Sometimes these encounters go beyond a fleeting conversation and sometimes they don’t. This week I found myself in an intimate conversation with a woman I met on the beach about our son’s strengths – hers with autism and mine with Ds. I gave her my email.

Ward can’t fathom these chance encounters of mine and I can’t understand this thing he calls ‘gardening’.

When we first moved in together we lived in what could only be described as a hovel – for Hobbits. Everything was slightly built – rooms, doors and windows. About a hundred years before, it had been a stable where I imagine freakishly small and likely disgruntled horses lived.

The yard wasn’t more than a patch of dirt. Over the course of several months Ward built a curious arrangement from the dirt. The process began with weeks of sifting the dirt, which he accomplished by setting an old window screen on the discarded cast iron legs of a sewing machine. For hours at a time alone in the yard he moved dirt across that screen.

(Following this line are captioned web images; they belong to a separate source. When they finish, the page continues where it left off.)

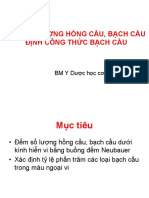 Định Công Thức Hồng Cầu, Bạch Cầu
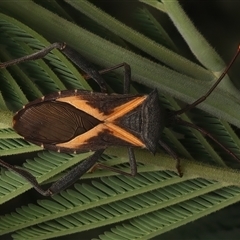 Mictis profana at Strathnairn, ACT - 19 Jan 2025 03:18 PM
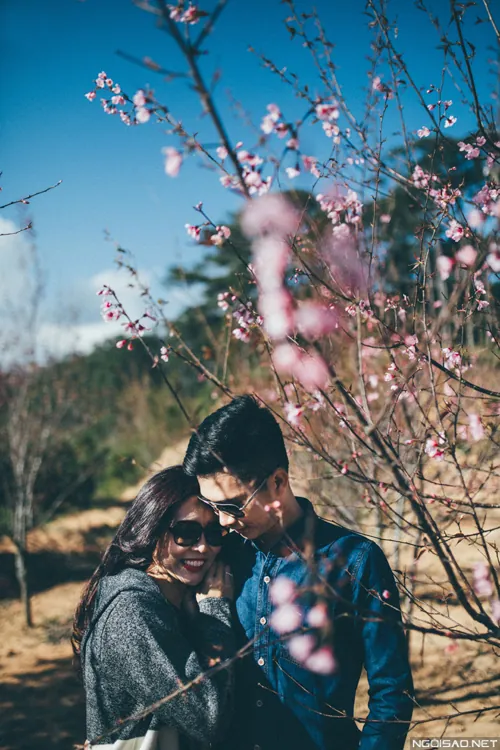 Say lòng bộ ảnh cưới lãng mạn dưới tán mai đào Đà Lạt Say lòng bộ ảnh cưới lãng mạn dưới tàn mai đào Đà Lạt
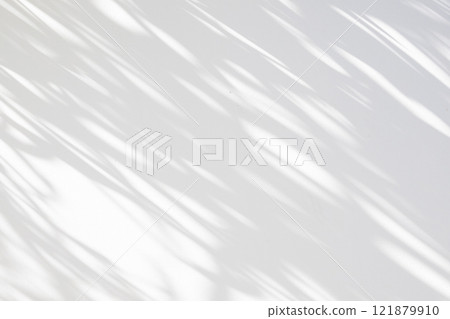 Abstract natural tree leaves shadow on white wall background 121879910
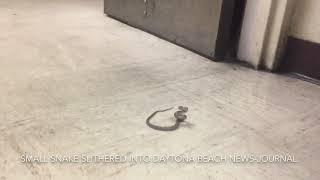 Snake slithers into Daytona Beach News-Journal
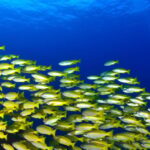 Snorkeling for beginners in crystal clear sea of Halkidiki - A Balanced Look at Halkidiki’s Snorkeling Adventure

Prior to this, I had never heard much less seen dirt sifting. I didn’t delve too much because we were newly living together and there seemed to be bigger things about Ward I was trying to decipher that sifting dirt became low on the list. Plus as my mom and I watched him from the porch one morning she said, “He seems content. I would focus on that.”

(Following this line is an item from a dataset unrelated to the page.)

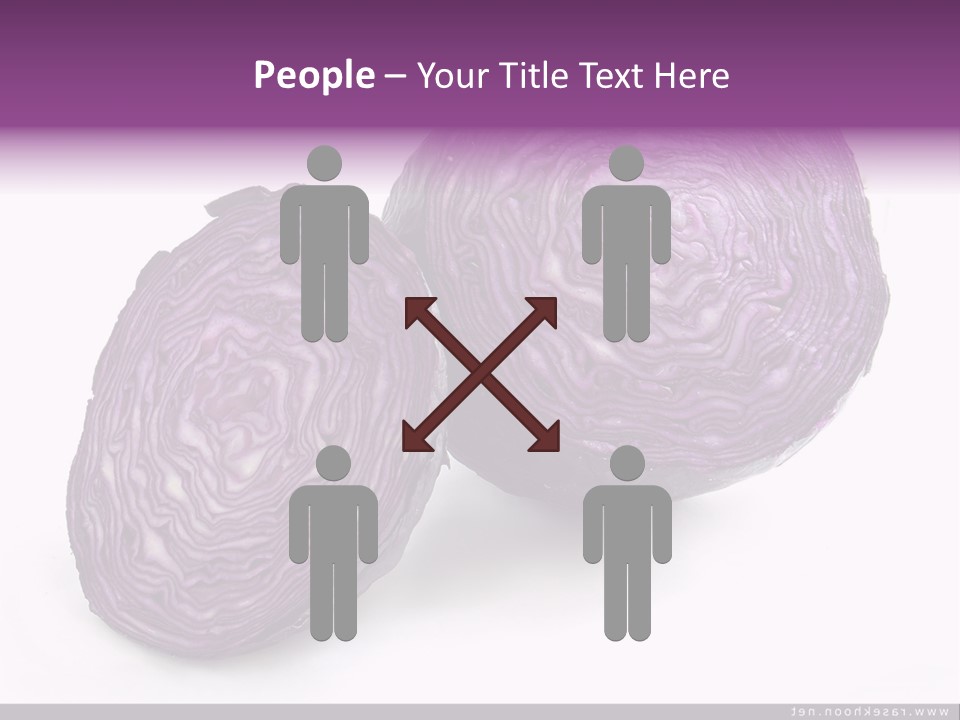 Two Purple Cabbages With A White Background PowerPoint Template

Overtime the sifted dirt joined rocks and plants becoming an organized pile in the center of the yard not unlike the structures Richard Dreyfuss created in Close Encounters of the Third Kind.

Dirt sifting and combing the neighborhood for rocks and bricks has mutated through the years ending up in more recognizable things to me such as re-built patios and lovingly made garden supports.

Ward will never understand how I end up in personal conversations with complete strangers and I will never understand his gardening.

Thorin has embraced both of our endeavors as valid and normal. He engages with people in the check out line, kids on the beach and he likes to work alone outside moving rocks and dirt from randomness to meaning.